Each day in Australia four women are diagnosed with ovarian cancer and the majority of them are over 40. With survival rates of only 46% and a recurrence rate of 75%, the key is to catch it early. But that’s easier said than done, says gynae-oncologist Dr Rhonda Farrell, from the Chris O’Brien Lifehouse.
“Well, unfortunately we don’t have a good screening tool yet,” she explains. “Hopefully we’ll have a test at some point, that’s the holy grail of ovarian cancer research.”
That’s why, Dr Farrell stresses, oncologists are relying on women going to the doctors early enough.
“Women need to be aware of their bodies and symptoms,” she explains. “If they experience unexplained bloating or discomfort, changes in bowel habits, frequency of urine, or abnormal bleeding that doesn’t settle in two weeks, they should go to their GP.”
Dr Farrell admits that the symptoms are often vague but if they persist and do not settle over one-two weeks, this should prompt a visit to the GP and request for a pelvic ultrasound.
The hereditary link
Being aware of symptoms is especially important for women who have a primary or secondary relative with ovarian cancer, multiple family members with breast cancer at a young age, or if they’re of Ashkenazi Jewish descent because they have a higher risk of carrying a BRCA mutation.
Dr Farrell also points out that women are considered high-risk for ovarian cancer if they’ve had breast cancer themselves at a young age.
“With about 15% of women who get ovarian cancer, it’s due to a hereditary mutation,” she advises, “which could have been prevented if it was identified early enough.”
So, she says, it’s really important for women who are at risk based on their family history to go to their GP and request a referral towards a hereditary cancer clinic. These are available in all major centres and also in regional outreach clinics. Risk reducing surgery for these women is offered at around the age of 40 years or once they have completed their family.
Diagnosing the symptoms
To assess any persistent symptoms, GPs have a number of options to determine if there is evidence of ovarian cancer depending on the age of the patient. However, as the latest research now shows that ovarian cancer can start in the fallopian tubes, Dr Farrell says ultrasounds are not a good screening test if there are no symptoms, but are useful if a woman does have persistent symptoms as outlined above.

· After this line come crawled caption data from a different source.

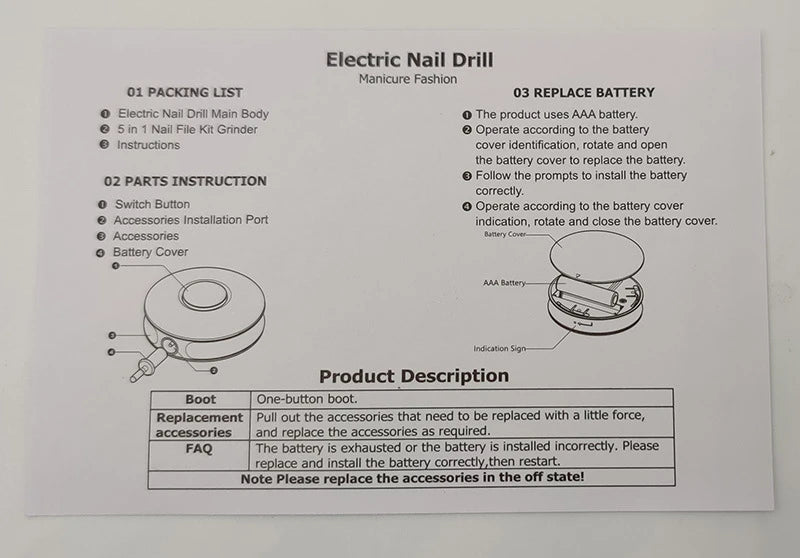 Baby Electric Nail Trimmer & Polisher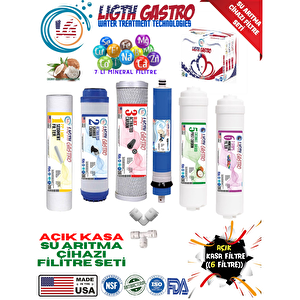 Light Gastro Açik Kasa Tüm Su Aritma Ci̇hazlarina Uygun 6 Li Fi̇li̇tre Takimi.mi̇neral  Fi̇li̇treli̇.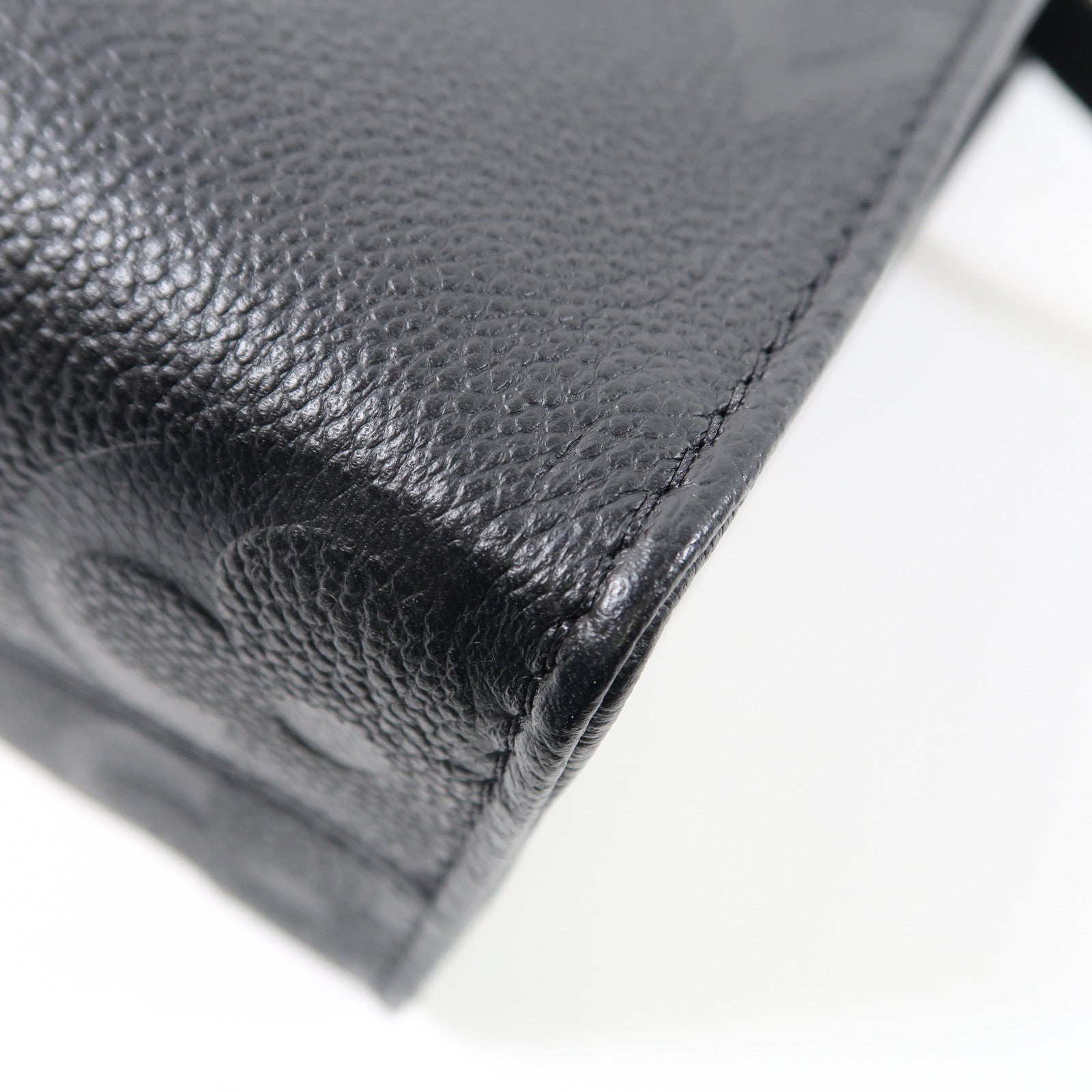 LOUIS VUITTON Monogram Empreinte On The Go PM金扣手挽肩背兩用袋黑色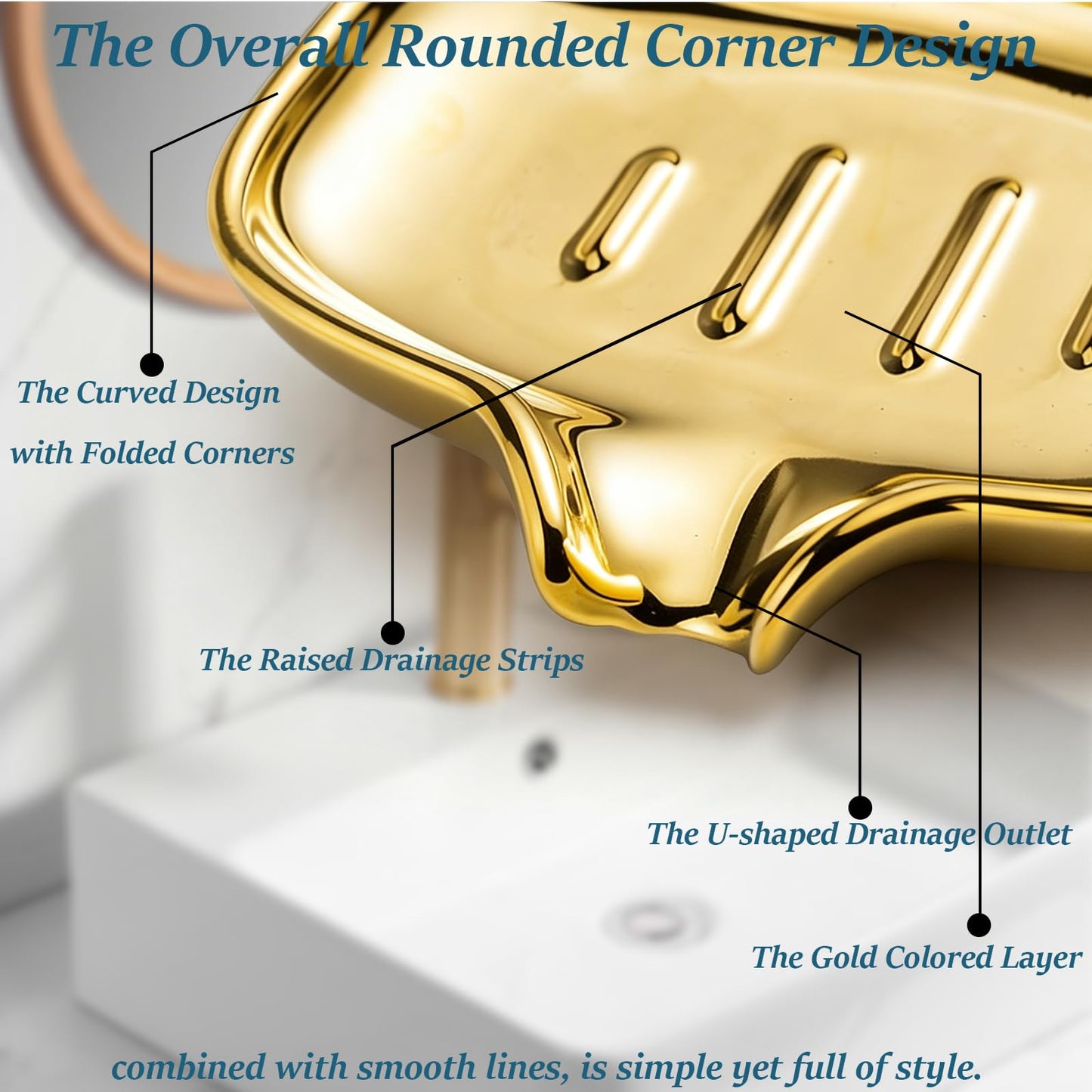 Ovatheria Polished Gold Soap Dish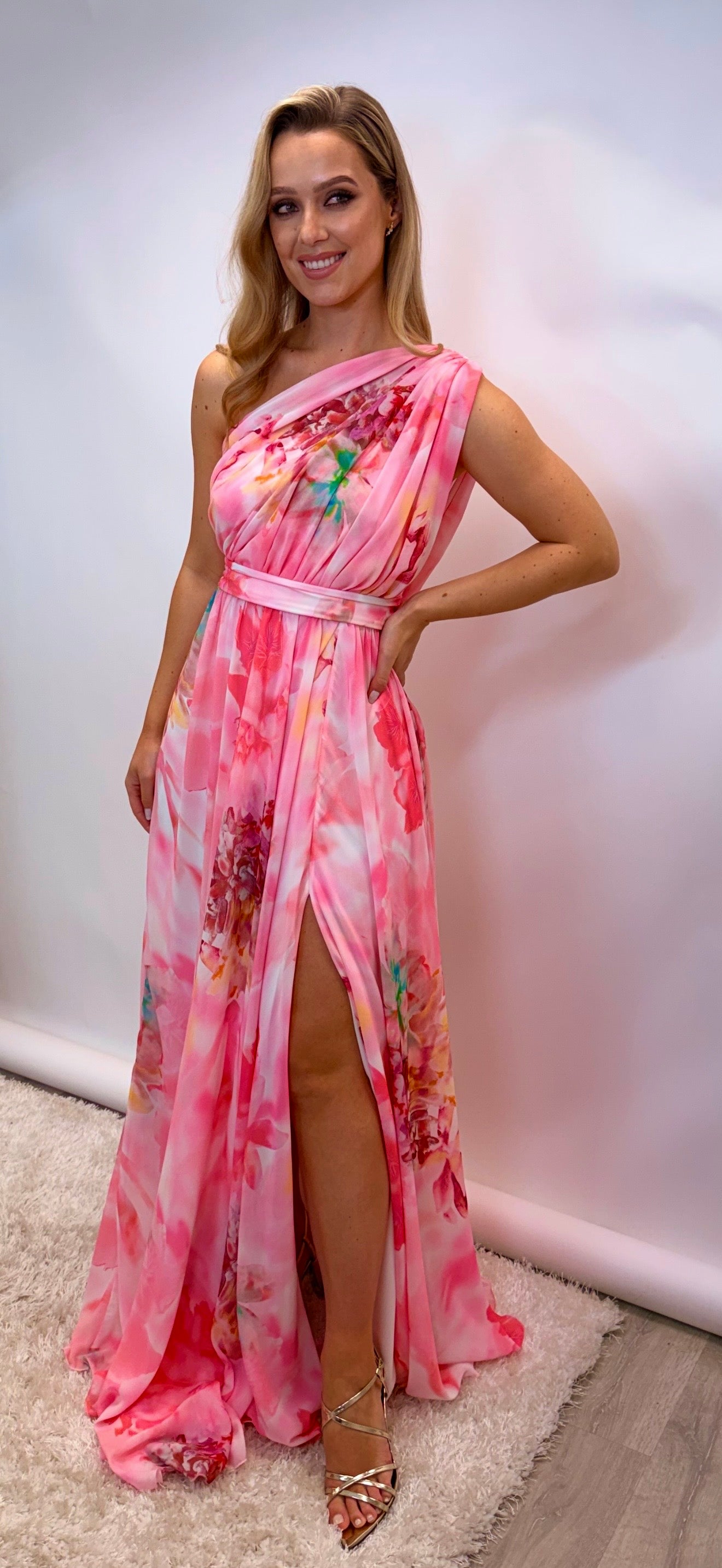Pink Floral Maxi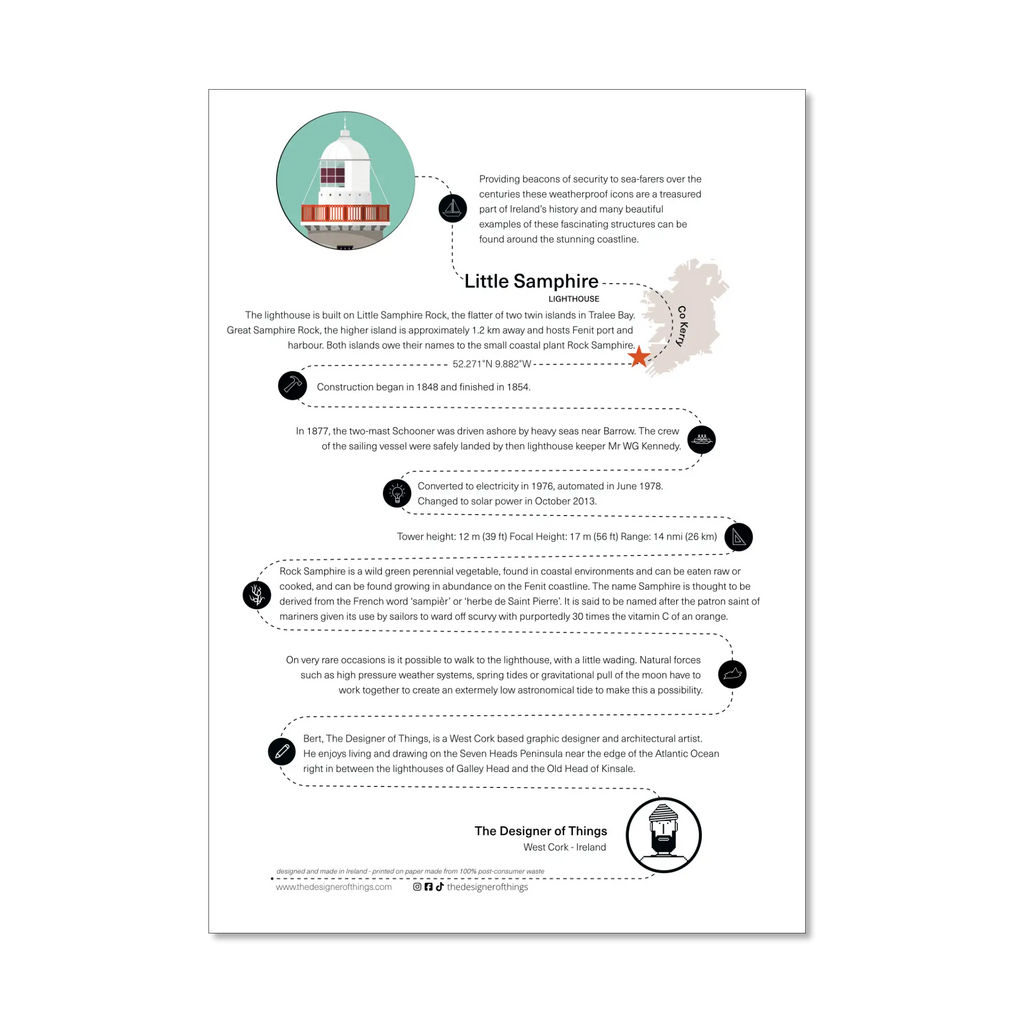 Little Samphire lighthouse, info sheet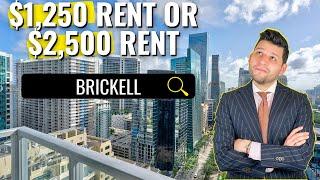 What $2,500 Rent gets YOU in Brickell | Miami Apartments tour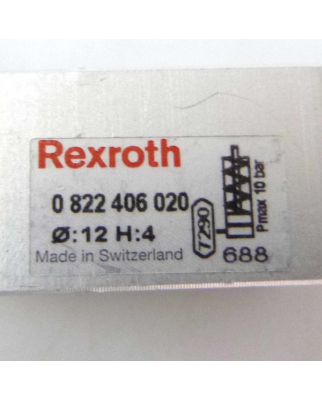 Rexroth Kurzhubzylinder 0 822 406 020 GEB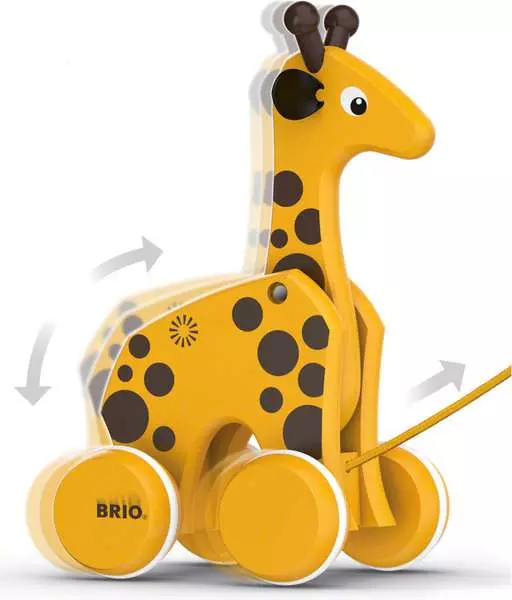 Brio BRIO Pull-along Giraffe - Wooden Toy For Toddlers 12 Months Up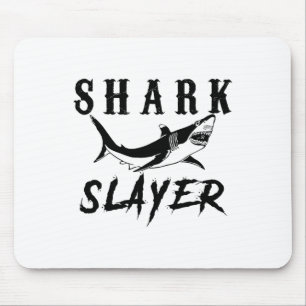 Shark Slayer Shark Fishing And Salt Water Anglers Mouse Pad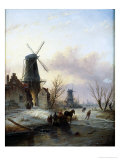 Buy Skaters on a Frozen River at AllPosters.com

“A transvaginal ultrasound is minimally invasive. You don’t have to have radiation. You don’t have to have a cannula put in. So, as a basic first line action, it’s a reasonable test. And if the ovary looks unusual, then there are other assessments which can be made,” she explains.
In women who are menopausal, Dr Farrell says a CA 125 test can be useful to measure the amount of cancer antigen 125 protein in the blood, which can indicate ovarian cancer. In younger women, however, the CA 125 test is not as reliable as other factors, such as having a period, can put that blood test marker up.
The next steps
As ovarian cancer can be challenging to diagnose, Dr Farrell says there is an algorithm called the risk of malignancy index, (RMI) which is used to help plan a patient’s next steps.
“If there’s an abnormality seen on the ultrasound on the ovary, and the CA 125 marker is high, or the woman has a family history of breast or ovarian cancer or a suspicion of cancer, then they should be referred to a gynae-oncologist,” she explains.
Apart from seeing a specialist oncologist, Dr Farrell says it’s really important that any surgery be done in a specialist unit that has the right expertise.
“At Chris O’Brien Lifehouse we can send the ovary or any tissue that’s removed to a pathologist during the surgery to tell us whether there’s a cancer, so we can do the appropriate staging surgery at the same time,” she explains.
Working with a specialised team means avoiding preliminary surgery and the subsequent wait for results, followed by booking in a second procedure and waiting again. Dr Farrell says that while this process is happening sometimes the cancer can spread. The evidence supports that women with ovarian cancer have a better outcome if their surgery is performed by a gynaecological oncologist in a specialised centre rather than by a general gynaecologist or general surgeon.
The good news
Despite the lack of concrete testing, Dr Farrell is confident in the future ovarian cancer treatments and diagnostics.
“Look, things are improving for women with ovarian cancer,” she explains. “There’s more targeted treatments, more effective chemotherapy-type treatments for women who have a BRCA mutation, and there’s also the use of PARP inhibitors (for example, Olaparib), which has just been approved for PBS funding as treatment for many women with primary ovarian, fallopian tube or peritoneal cancer. These are all targeted treatments that are showing improved survival in many women with ovarian cancer.”
However, Dr Farrell points out that while these treatments are having some success, it is very important to be aware of your own personal risk so that you can discuss the options for prevention with your GP.